4. Alla ricerca di nuove soluzioni

Arti
Paolo Conte in un bozzetto di Hugo Pratt

È dagli inizi degli anni Settanta, dal successo della coppia Mogol-Battisti, che l’italiano della canzone, sia pure in maniera contraddittoria, si volge verso il parlato, in forme più esplicite (ma anche più banalizzanti) rispetto all’esperienza cantautorale (e d’altra parte anche molti cantautori della “seconda generazione” partecipano a questa discesa verso il basso, verso il grado zero dell’espressività, cui soltanto l’aggiunta della musica – e dell’interpretazione – dà senso).

 

I testi che Mogol (Giulio Rapetti), il più prolifico e dotato (con Giorgio Calabrese, autore per Mina del verso stilisticamente audace “e sottolineo se”) dei nostri “parolieri”, scrive per la voce di Lucio Battisti o quelli di Claudio Baglioni (Questo piccolo grande amore), che riproducono (sintassi nominale, inserti dialogici, colloquialismi) il parlato quotidiano giovanile (contribuendo tra l’altro a detabuizzare intere zone del “privato”, come il sesso), non reggono alla sola lettura.

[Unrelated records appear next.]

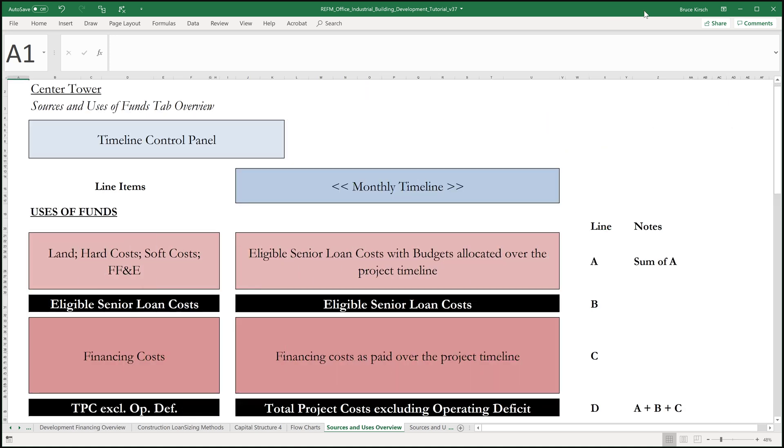We'll see that we have our timeline control panel, which is going to be similar to the one that we saw in the exercise. And then going across, we'll have our monthly timeline, each column representing one month.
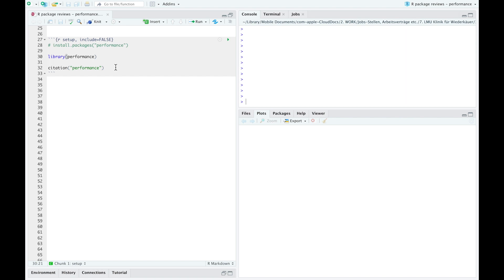The second thing you will learn from this video is that this package also unites all the assumption checks and lets you check assumptions easily and quickly. The problem is the same: usually assumptions can be checked from different packages with different commands, but in this package it couldn't be easier. So let's get straight into it.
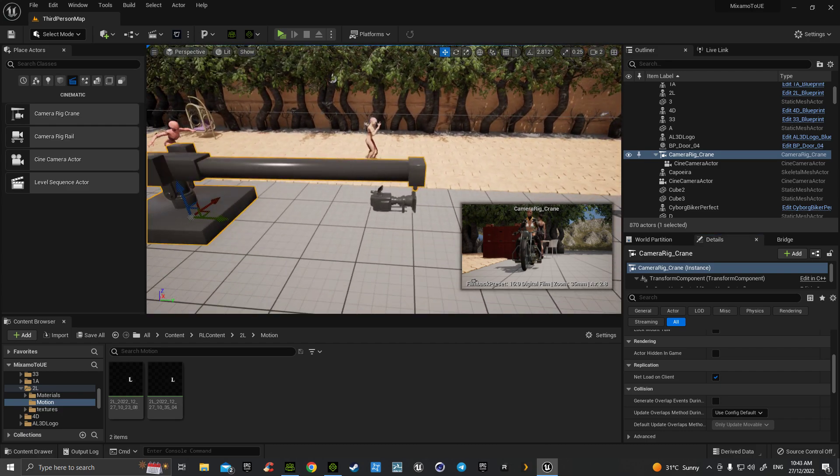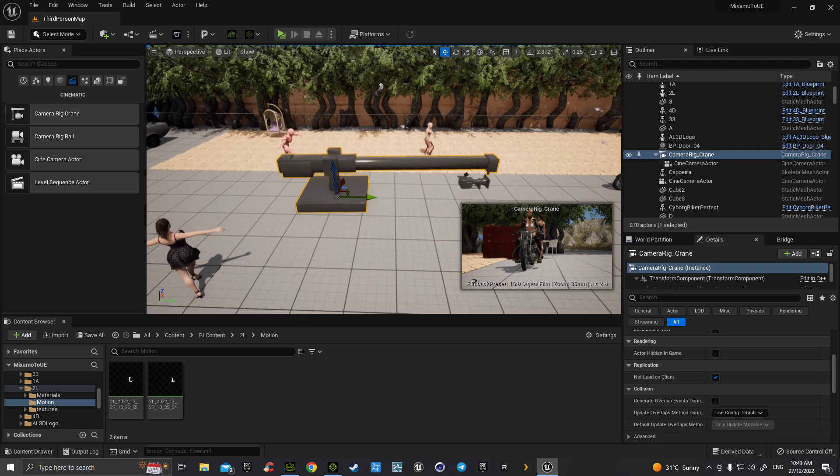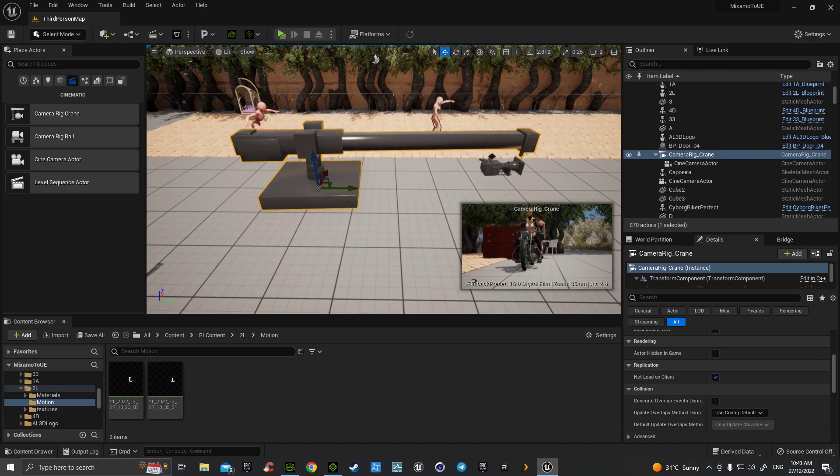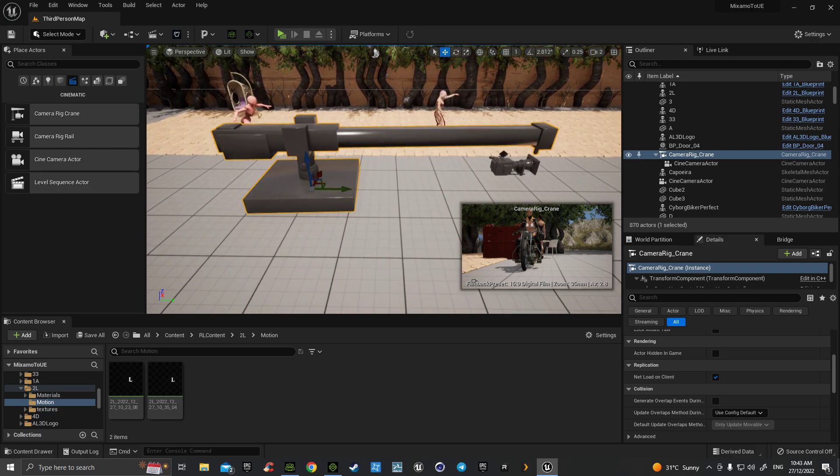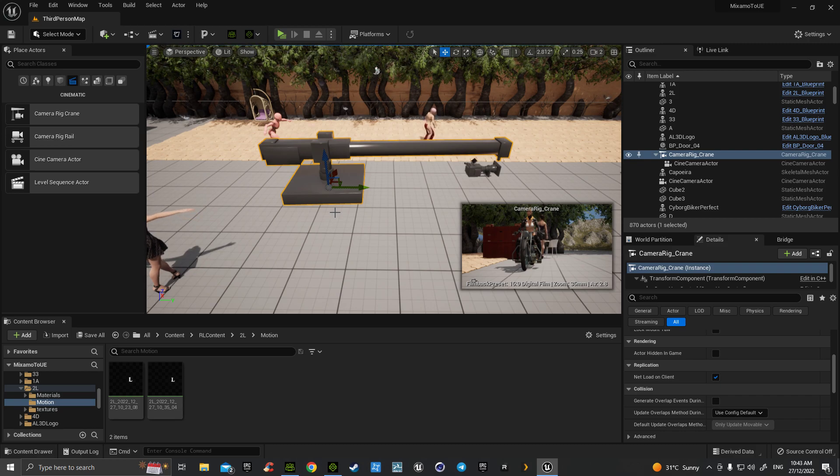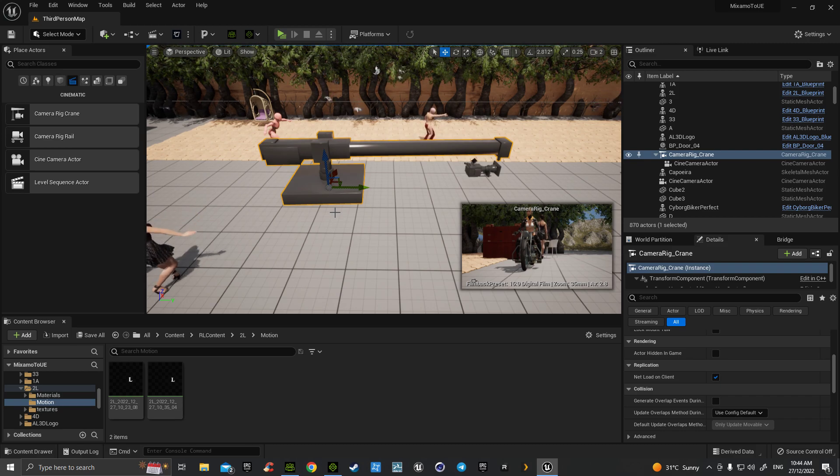I hope that helps you with your cinematics. Thank you.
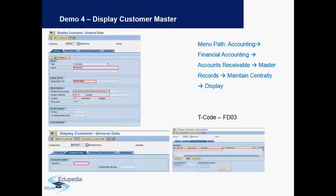Hello and thanks for watching Edupedia World videos. We have now reached our fourth demo. Until now, we've already covered how to view an account balance or an account line item display, and also how to view a vendor master. We will now look at how to view a customer master.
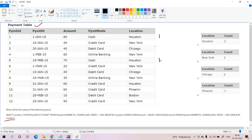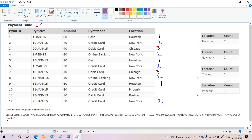Houston is the first group, occurring three times. New York is the second group, occurring five times. Chicago is the third group, occurring two times. Phoenix is the fourth group, occurring one time. Boston is the fifth group. So totally five groups are there as per the locations. GROUP BY location is completed and we are getting five groups.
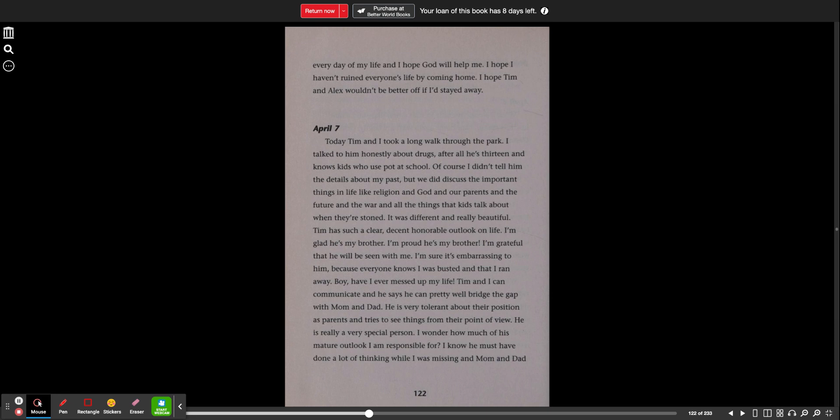April 7th. Today, Tim and I took a long walk through the park. I talked to him honestly about drugs. After all, he's 13 and knows kids who use pot at school. Of course, I didn't tell him the details about my past, but we did discuss the important things in life like religion and God and our parents and the future and the war and all the things that kids talk about when they're stoned. It was different and really beautiful. Tim has such a clear, decent, honorable outlook on life. I'm glad he's my brother. I'm proud he's my brother. I'm grateful that he will be seen with me.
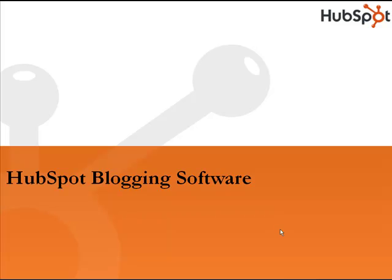Hi everybody, this is Rick Burns. I'm editor of HubSpot's inbound marketing blog. Today I'm going to explain a little about HubSpot's blogging software.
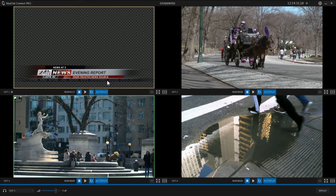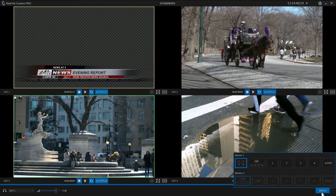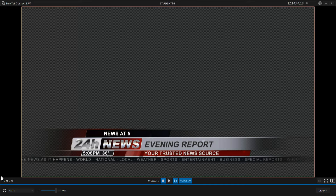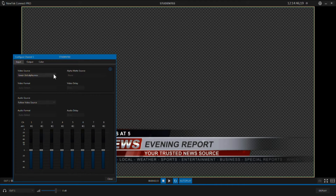But you also can use external cameras attached to the computer that's running Connect Pro. Most of us have a webcam lying around, and with Connect Pro you have access to that webcam. I'm going to go ahead and bring up input number one here and configure it to bring in our webcam.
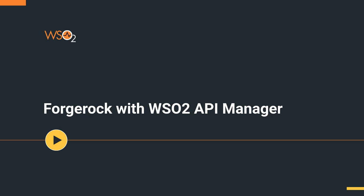Hello everyone. Today we will be doing a demo on how to set up Forgerock as a third-party key manager for API Manager 4.0.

Ma ciò non toglie che siano stati (e in qualche caso continuino ad essere) la colonna sonora delle giornate (e delle notti estive) degli adolescenti, grazie alla loro “orecchiabilità”, in equilibrio tra “noto” e “nuovo”. Spesso dialogica (ma con forti radici nella cultura popolare e nella forma della ballata narrativa) è anche l’esperienza, in quegli anni, di un cantautore “storico” come Francesco Guccini (La locomotiva), che smitizza polemicamente le pretese “poetiche” (e pragmatiche) della canzone. In fondo “sono solo canzonette” sancirà beffardamente all’inizio del decennio successivo (gli anni Ottanta, gli anni del “riflusso”) Edoardo Bennato.

 

Da un lato la diffusione di un italiano pubblico, “dell’uso medio”, dall’altro un desiderio di uscire dall’appiattimento su di esso del linguaggio canzonettistico, portano, dagli anni Ottanta in avanti, a soluzioni linguistiche nuove, in qualche caso sperimentali. Per fare soltanto alcuni esempi di questa “voglia di poesia”, di questa “fuga dal quotidiano”, un cantautore “per caso” (ma di solida cultura jazz) come Paolo Conte rivisita con ironia l’armamentario stilistico e retorico della canzone “d’antan”, aggiungendovi, di suo, accoppiate astratto-concreto, aggettivazione ricercata e sapori esotici, da provinciale di genio. Di tutt’altro segno è la ricerca sperimentalistica di Franco Battiato (Centro di gravità permanente), che, su uno sfondo di vasti interessi musicali e culturali (soprattutto verso filosofie orientali), coltiva il gusto linguistico del pastiche, del citazionismo, del patchwork, secondo moduli che rimandano alla grande poesia europea d’avanguardia.